Renewable hydrogen distribution can use existing gas pipelines, says Snam CEOAugust 6, 2021
Marco Alverà explained that green H2 will be produced within reach of the pipelines, which can be used.
Marco Alverà, CEO of Snam, the Italian infrastructure giant, recently discussed the “beauty” of renewable hydrogen due to the ease with which it can be transported and stored.
The CEO discussed the ways that green H2 can be distributed using pipelines already in existence.
Alverà spoke on CNBC’s “Squawk Box Europe”, on which he discussed the way in which current pipeline systems are already in place and could be used to deliver renewable hydrogen as well as H2 made using biofuels.
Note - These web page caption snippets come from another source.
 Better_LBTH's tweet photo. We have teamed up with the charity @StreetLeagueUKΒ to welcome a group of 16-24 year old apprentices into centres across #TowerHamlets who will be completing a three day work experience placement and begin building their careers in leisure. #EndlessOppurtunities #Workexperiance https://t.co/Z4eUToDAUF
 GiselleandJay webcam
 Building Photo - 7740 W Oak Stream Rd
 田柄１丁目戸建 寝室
“Right now, if you turn on your heater in Italy the gas is flowing from Russia, all the way from Siberia, in pipelines,” he said. The natural gas lines to Italy are extensive and well established. That said, those made for natural gas can also be used for transporting green H2 instead. This could present an important step for Italy’s transition to zero-carbon fuels and away from natural gas and other fossil fuels.
“Tomorrow, we will have hydrogen produced in North Africa, in the North Sea, with solar and wind resources,” said the CEO. “And that hydrogen can travel through the existing pipeline.”
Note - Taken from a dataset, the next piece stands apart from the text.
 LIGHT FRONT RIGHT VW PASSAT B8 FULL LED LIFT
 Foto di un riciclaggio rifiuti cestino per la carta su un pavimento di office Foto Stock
The company has been testing various percentages of renewable hydrogen and natural gas blends.
Snam has tested blends of H2 and natural gas but has also tested 100% H2 in the existing pipelines and reported that the tests worked successfully.
“So that’s an energy transition using the infrastructure we have,” said Alverà in the statement on the CNBC show. “And the very good news is that this new renewable energy will cost less than existing fossil fuel energy, which is [a] real breakthrough.”
Though most of the H2 currently produced in the world is made with carbon-producing power ranging from coal to natural gas, green H2 is made from renewable sources of electricity such as wind and solar. Those power the electrolyzer to split the oxygen and hydrogen from water molecules.
As research and development continues worldwide, renewable hydrogen becomes increasingly feasible. Knowing that the distribution infrastructure will already be in place once the fuel is affordably available is a meaningful step.